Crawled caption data
=== Begin Enclosure ===

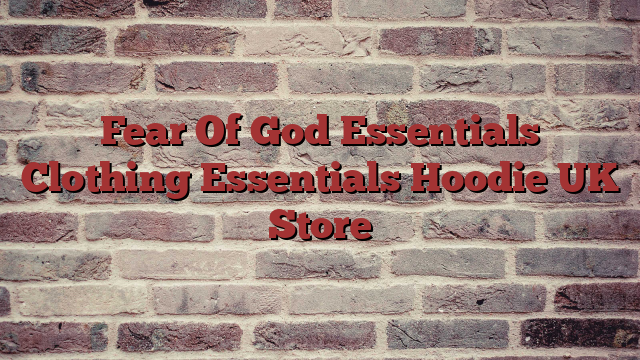 Essentials Clothing || Essentials Fear Of God Hoodie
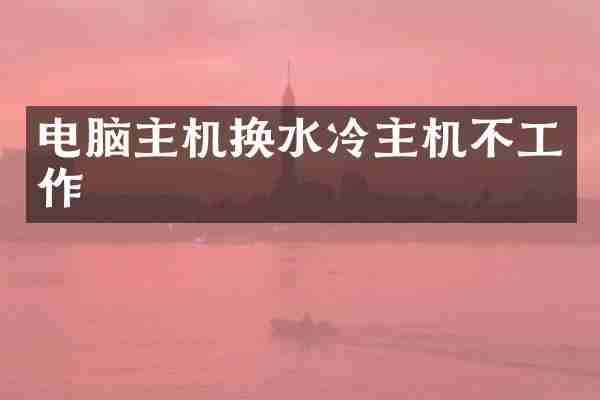 电脑主机换水冷主机不工作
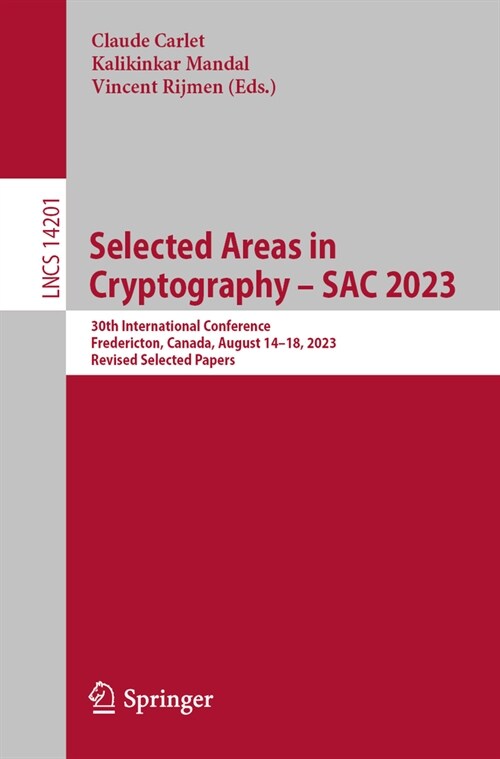 Selected Areas in Cryptography - Sac 2023: 30th International Conference, Fredericton, Canada, August 14-18, 2023, Revised Selected Papers (Paperback, 2024)
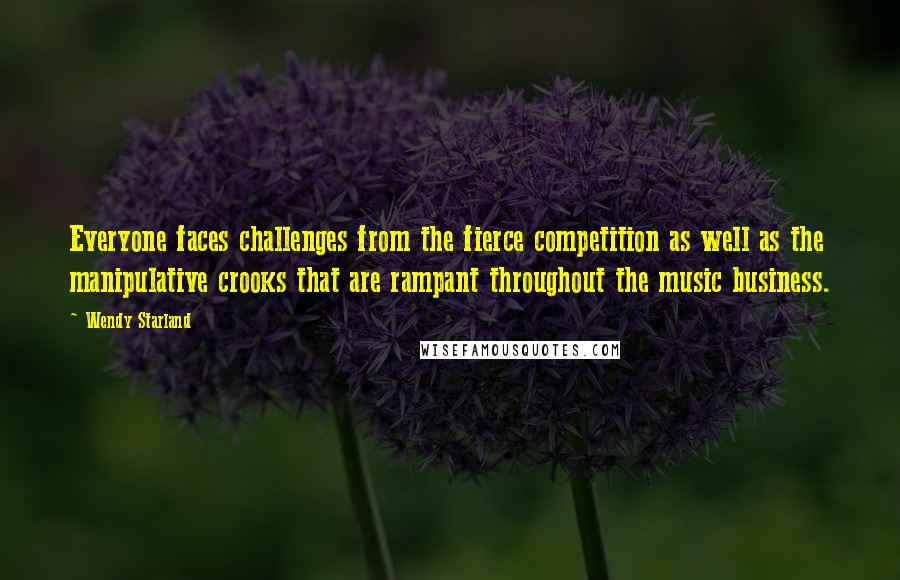 Wendy Starland Quotes: Everyone faces challenges from the fierce competition as well as the manipulative crooks that are rampant throughout the music business.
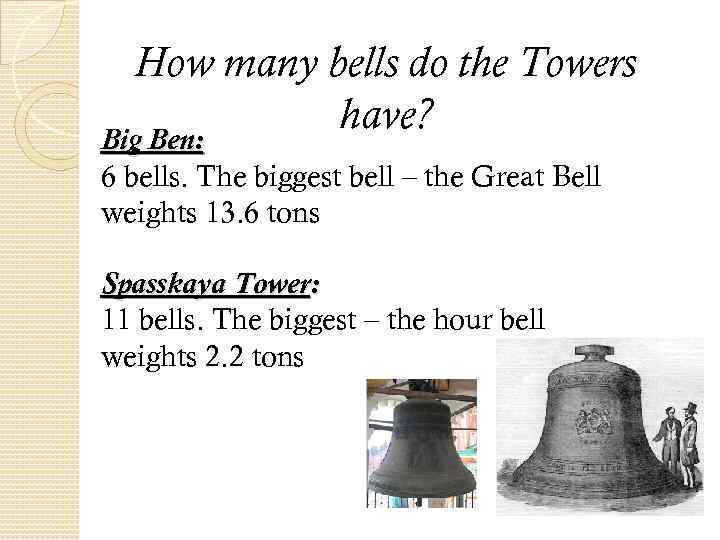 How many bells do the Towers have? Big Ben: 6 bells. The biggest bell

=== End Enclosure ===

_WHAT THE EXERCISE ASKS_. Would you output the data exactly, without any of its images?

_SOLUTION FOR THIS EXERCISE_.
 Essentials Clothing || Essentials Fear Of God Hoodie
 电脑主机换水冷主机不工作
 Selected Areas in Cryptography - Sac 2023: 30th International Conference, Fredericton, Canada, August 14-18, 2023, Revised Selected Papers (Paperback, 2024)
 Wendy Starland Quotes: Everyone faces challenges from the fierce competition as well as the manipulative crooks that are rampant throughout the music business.
 How many bells do the Towers have? Big Ben: 6 bells. The biggest bell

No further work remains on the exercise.